→ **What to work on**:
Starting at the line that contains "the Afternoon Flocks", transcribe each line exactly through the end of the data below, and skip any pictures.

→ **Data section**:

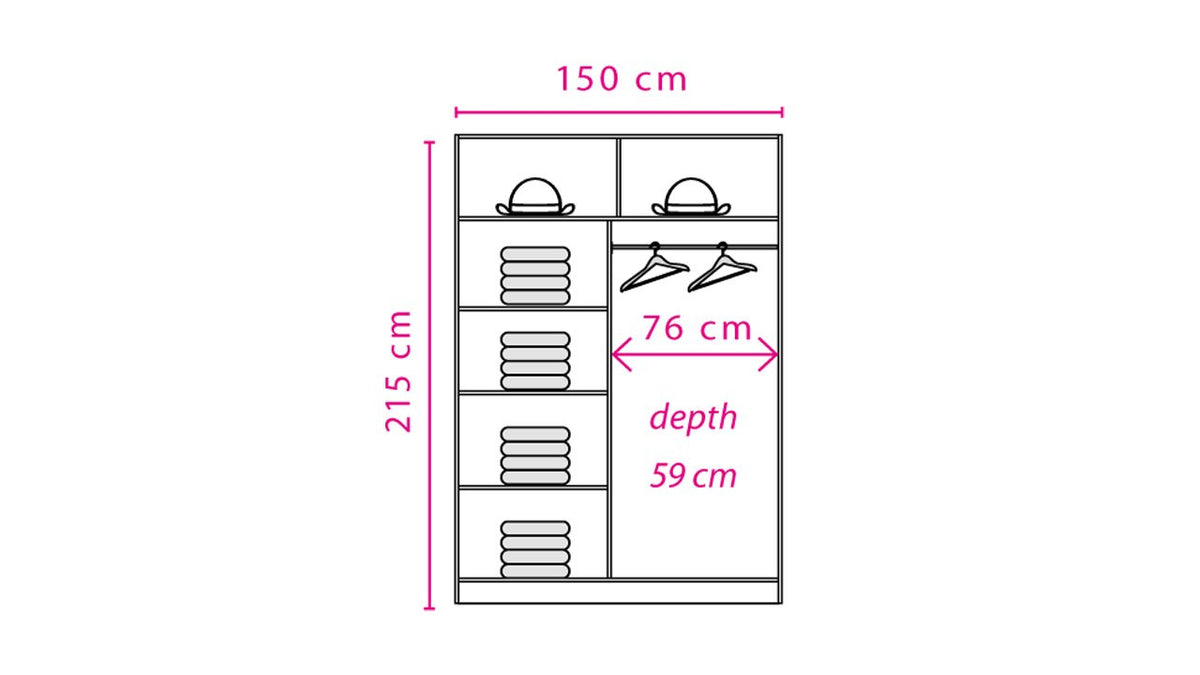 Liberty Effect 2 Sliding Door Wardrobe 150cm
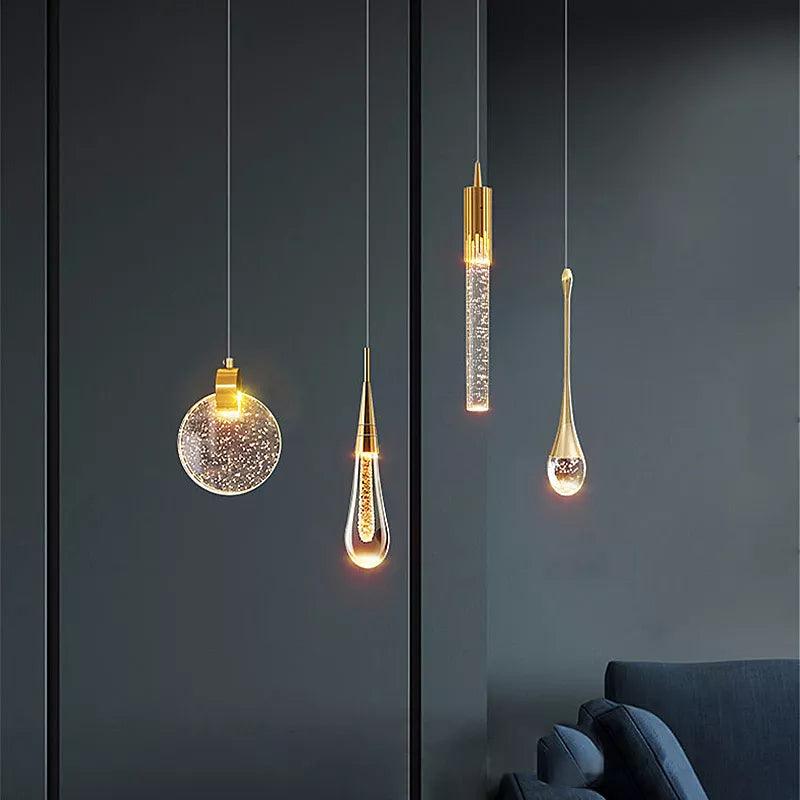 Modern Bubble Crystal Pendant Lights Indoor Hanging Lamp For Dining Room Bedroom Shop Bar Cafe Drop Pendant Lamp Home Decoration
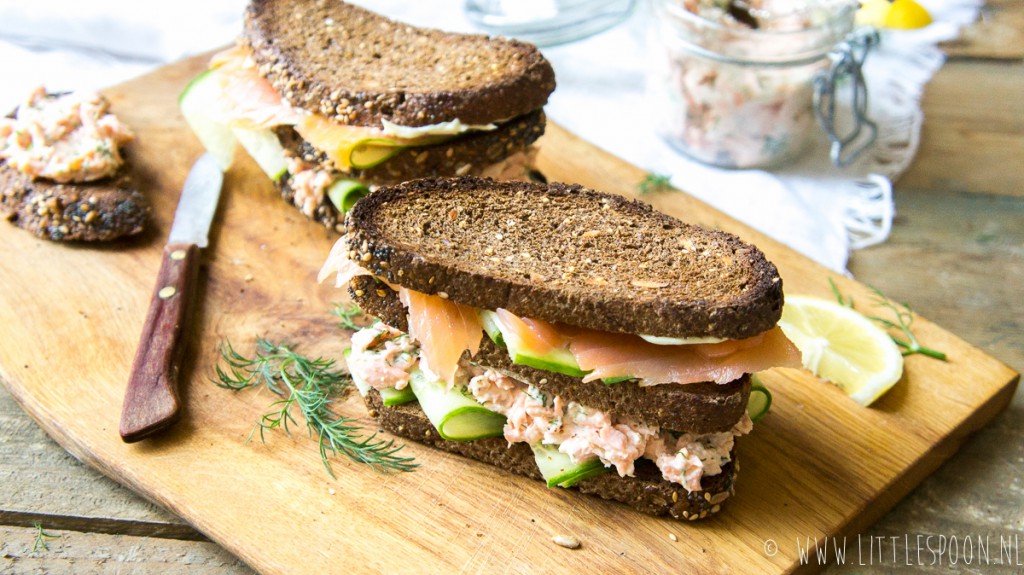 Club sandwich met zalm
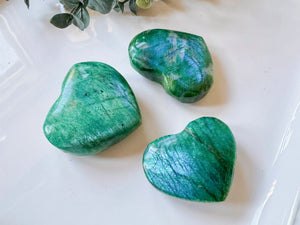Green-Colored Moonstone Heart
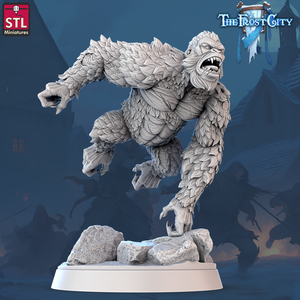 3D Printed STL Miniatures The Frost City White Gorillas 28 - 32mm War Gaming D&D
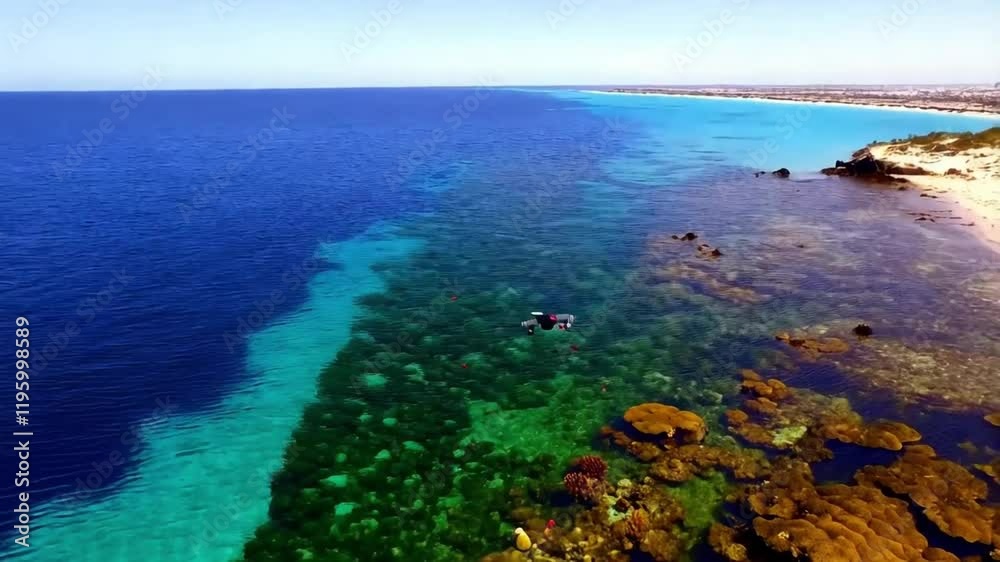 Flocks of Birds Skimming the Calm Waters in a Serene Coastal Environment During the Afternoon Flocks of Birds Skimming the Calm Waters in a Serene Coastal Environment During the Afternoon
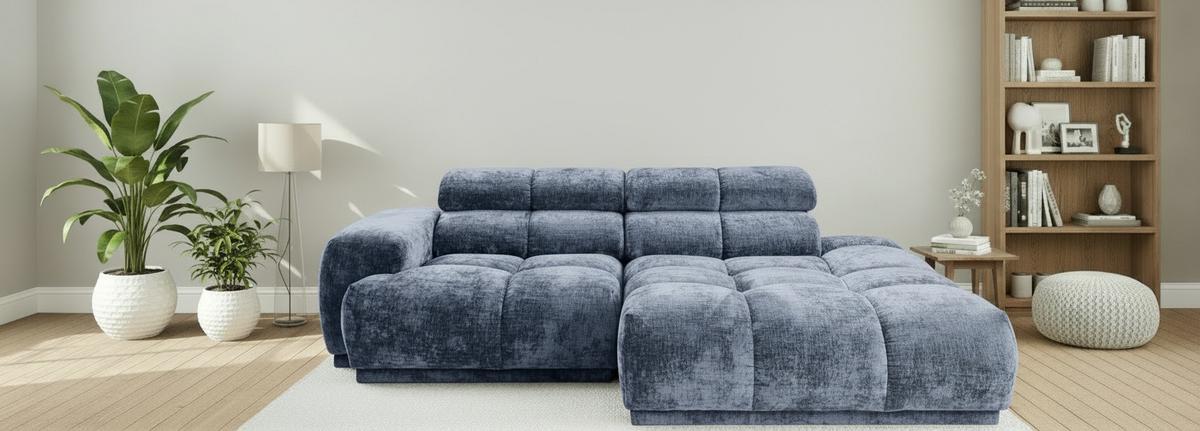 Ecksofa Chani Blau, Schenkel: 239x150 cm - Blau, MODERN, Textil (239/150cm) - MID.YOU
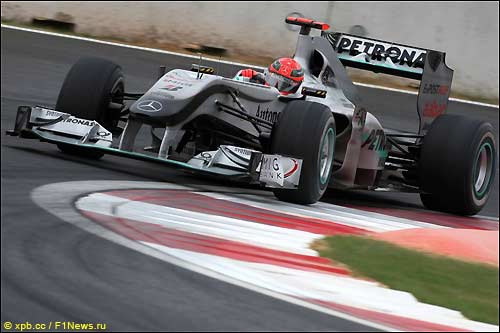 Михаэль Шумахер на трассе Гран При Кореи, 2010 год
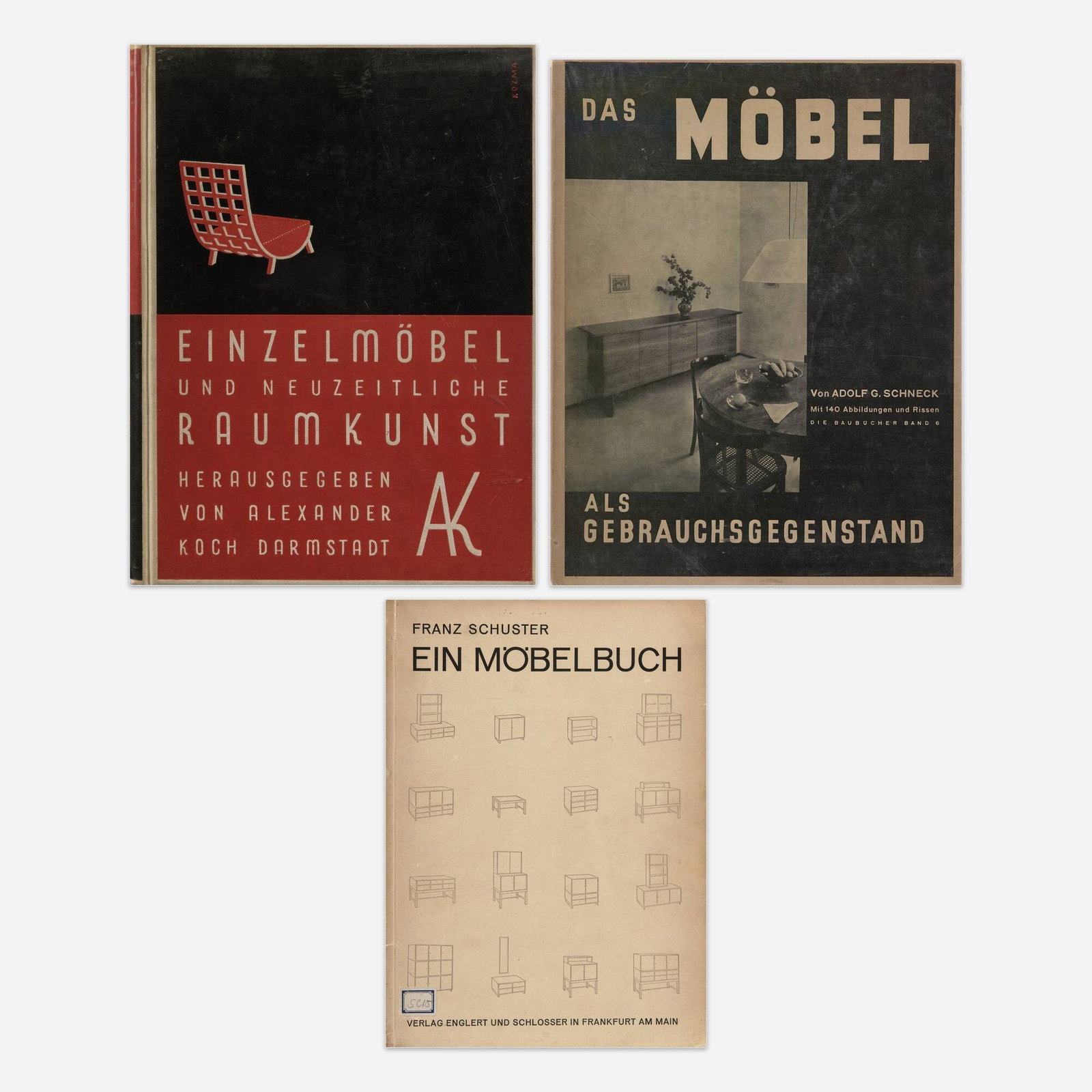 Rare Design surveys, three: Rare Design surveys, three bound printed paper Provenance: Collection of Michael and Gabrielle Boyd Complete Lot Details Ein mobelbuch Franz Schuster, Verlag Englert und Schlosser, Frank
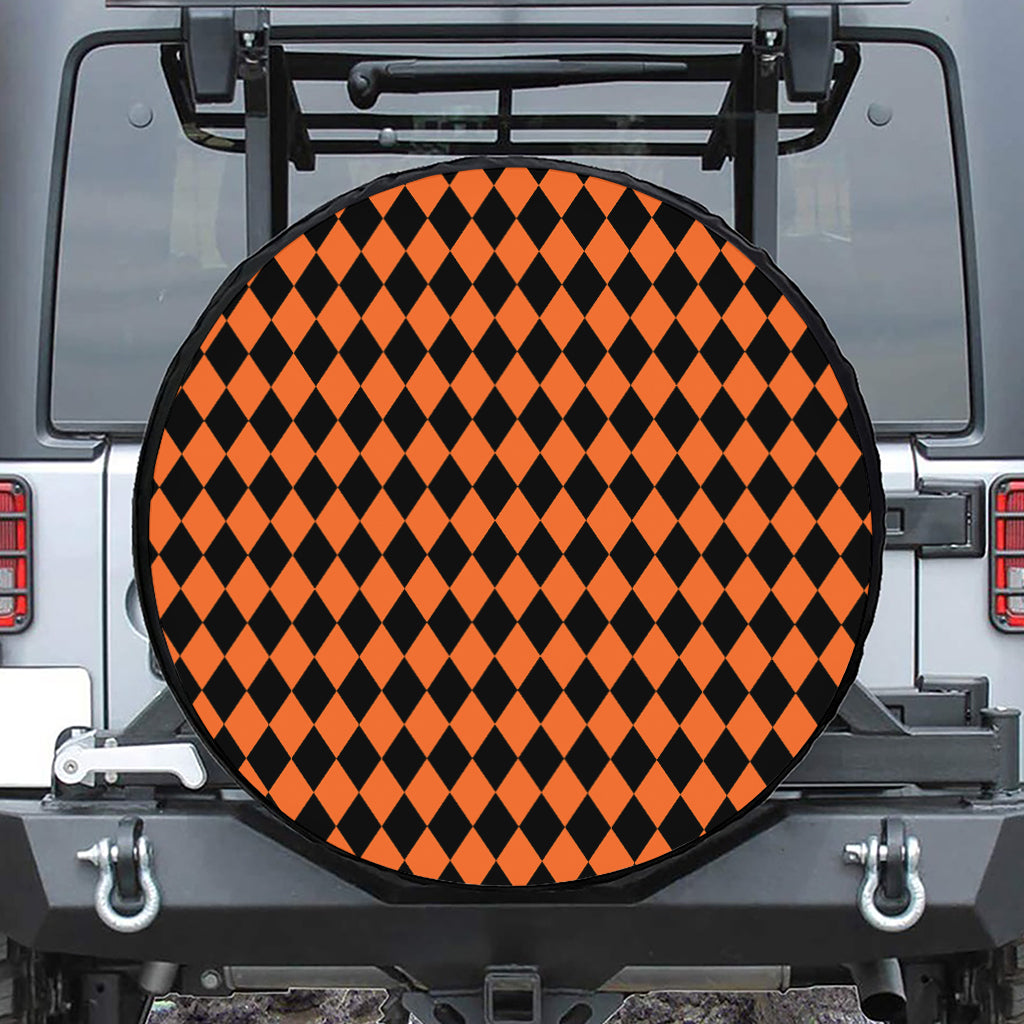 Halloween Harlequin Pattern Print Tire Cover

→ **Solution for this exercise**:
 Flocks of Birds Skimming the Calm Waters in a Serene Coastal Environment During the Afternoon Flocks of Birds Skimming the Calm Waters in a Serene Coastal Environment During the Afternoon
 Ecksofa Chani Blau, Schenkel: 239x150 cm - Blau, MODERN, Textil (239/150cm) - MID.YOU
 Михаэль Шумахер на трассе Гран При Кореи, 2010 год
 Rare Design surveys, three: Rare Design surveys, three bound printed paper Provenance: Collection of Michael and Gabrielle Boyd Complete Lot Details Ein mobelbuch Franz Schuster, Verlag Englert und Schlosser, Frank
 Halloween Harlequin Pattern Print Tire Cover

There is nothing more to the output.